Filters
Bloom Filters
Bloom filters are tuned based on three parameters
- m - the size of the bit array
- k - the number of hash functions
- N - the size of the set
False negatives are never tolerated, but for a given N, m and k can be chosen to minimize the false positive rate.
operations
To insert into a Bloom filter, you hash the element using each of the k independent hash functions. You then set the corresponding bits in the m-bit array.
To query a Bloom filter, you hash the element using each of the k independent hash functions. You then check whether the corresponding bits in the m-bit array are set. The Bloom filter returns
- definitely not in the set if any of the bits are 0
- possibly in the set if all of the bits are 1 The answer could return a false positive if some combination of other elements previously inserted into the array had caused the bits that correspond to the queried element's k hash function's bits.
Questions
- What types of applications can benefit from using Bloom filters?

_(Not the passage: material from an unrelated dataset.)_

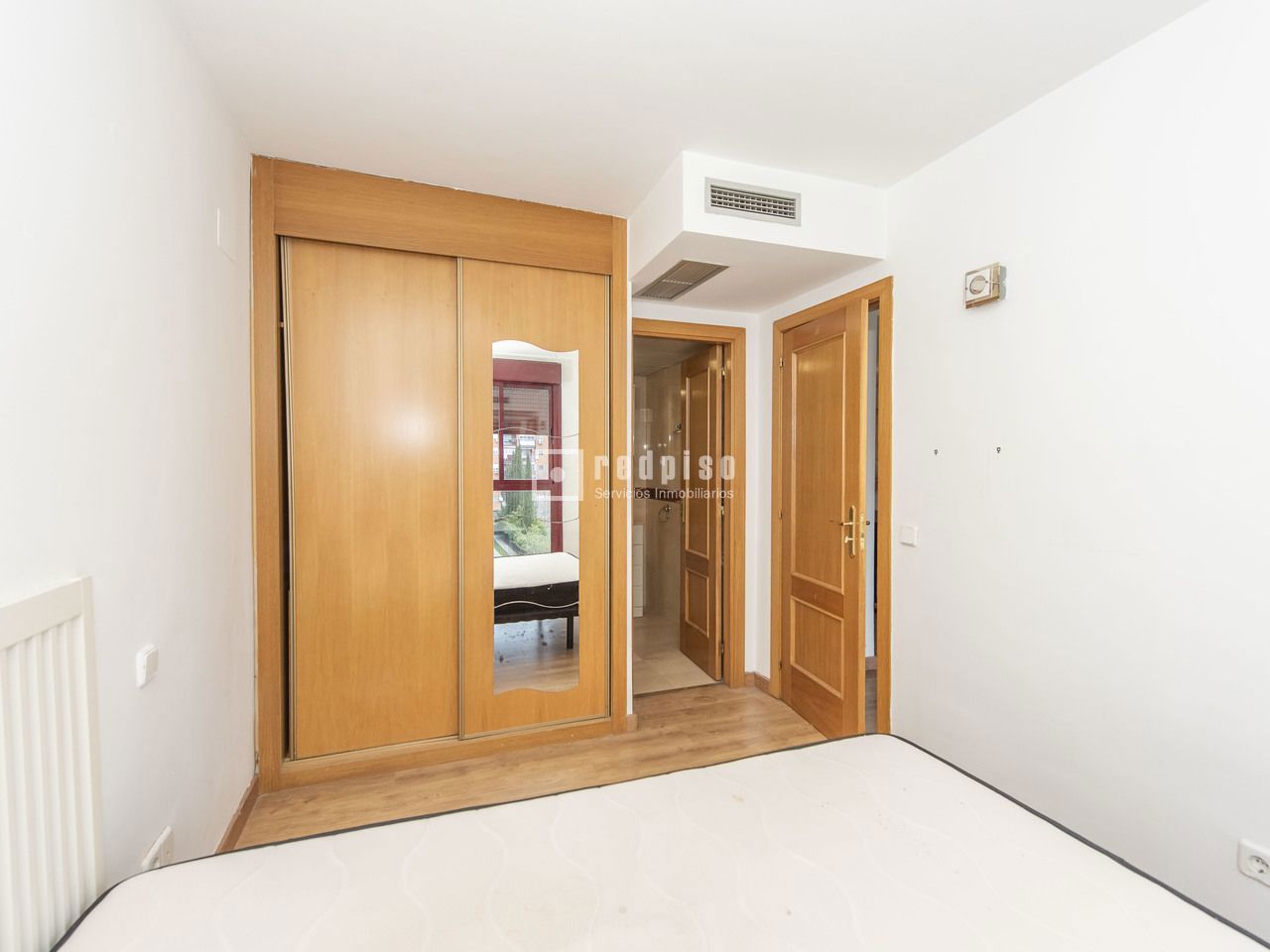 Piso en venta en calle Del Corindón, Madrid, Madrid 15/23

- What types of applications could never use a Bloom filter?
- How good/bad is the cache behavior of a standard Bloom filter?
- Can you think of any ways to improve cache locality?

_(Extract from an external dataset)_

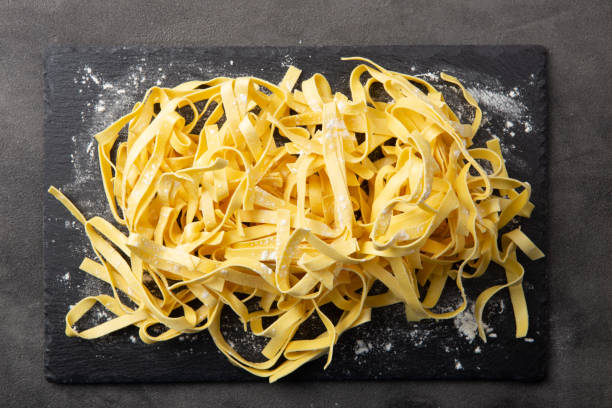 processo di cottura della pasta italiana. concetto di cibo fresco. tagliatelle fatte in casa - pasta noodles tagliatelle freshness foto e immagini stock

- For the following operations, decide whether a standard Bloom filters could support the operation, and why/why not (or under what conditions it is possible):
- combining two Bloom filters
- resizing a Bloom filter
- deleting an element
- Can you think of any way to modify the standard Bloom filter to support deletes?
- you may consider storing auxiliary data in the bit array, but keep in mind that you want to minimize the memory footprint
- Which data structure do you think is the easiest to implement:
- Bloom filter
- Quotient filter
- Cuckoo filter
What types of things seem most challenging to get right? Do those things affect performance or correctness?